The man who devised the corporate campaign against J.P. Stevens offers some advice

How to Confront Corporations
The man who devised the corporate campaign against J.P. Stevens offers some advice
By RAY ROGERS | Business and Society Review | 1981

THERE ARE MEANS other than long, costly strikes and boycotts to challenge powerful institutions that are irresponsible in their social and economic policies. I am referring to a "corporate campaign," an approach that should become as important a confrontation strategy in the future as strikes, boycotts, and other forms of protest have been in the past.

A total corporate campaign considers all avenues of pressure and would include the possibility of a strike, a boycott, and other traditional tactics. However, these would be timed and coordinated as part of an overall conceptualized strategy to maximize their effectiveness. A corporate campaign attacks a corporate adversary from every conceivable angle. It takes on the power behind a company. It shows clearly how to cut off the lifeblood of an institution. Its proponents recognize that powerful institutions are both economic and political animals and must be challenged in both the economic and political spheres. It moves workers' and poor people's struggles away from their own doorsteps to the doorsteps of the corporate power brokers.

The original corporate campaign aimed at helping workers represented by the Amalgamated Clothing and Textile Workers Union (ACTWU) gain union contracts at J.P. Stevens & Co.
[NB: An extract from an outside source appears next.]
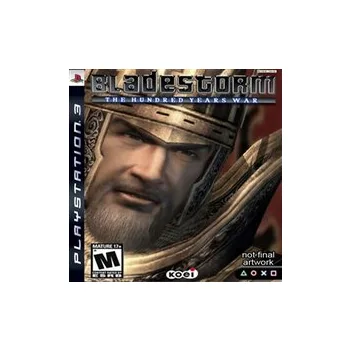 Koei Bladestorm The Hundred Years War Refurbished PS3 Playstation 3 Game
This campaign focused on the company's corporate headquarters and on those institutions heavily tied into Stevens interests through interlocking directorates, large stock holdings, and multimillion-dollar loans.
In the Stevens campaign we wanted to cause those institutions heavily tied in with Stevens interests to exert their considerable influence on the company to recognize the rights and dignity of the workers and to sit down and bargain in good faith. We realized, however, that the "targeted" institutions and individuals would exert their influence only when they realized it was in their own primary self-interest to do so. To make it in their primary self-interest we had to draw these institutions into the Stevens controversy-so that their own image, reputation, and credibility were seriously jeopardized with large segments of the population important to their overall growth and prosperity. The ultimate goal of the corporate campaign was, if necessary, to polarize the entire corporate and Wall Street community away from J.P. Stevens, thereby pulling that company's most crucial underpinnings out from underneath it.

A company like J.P. Stevens cannot survive in a vacuum; it must be able to continue to spread its influence within the corporate and financial community if it is to maintain a stable level of business, much less grow and prosper. Once corporate and financial America turns off against a company like J.P. Stevens, unless that company is bent upon its own self-destruction, there is no place for it to go but the bargaining table. None of the big institutions that fight organized labor wants to face extinction. They only have to be convinced that unless they recognize the legitimate concerns of the labor movement, they will lose a great deal more than they have to gain.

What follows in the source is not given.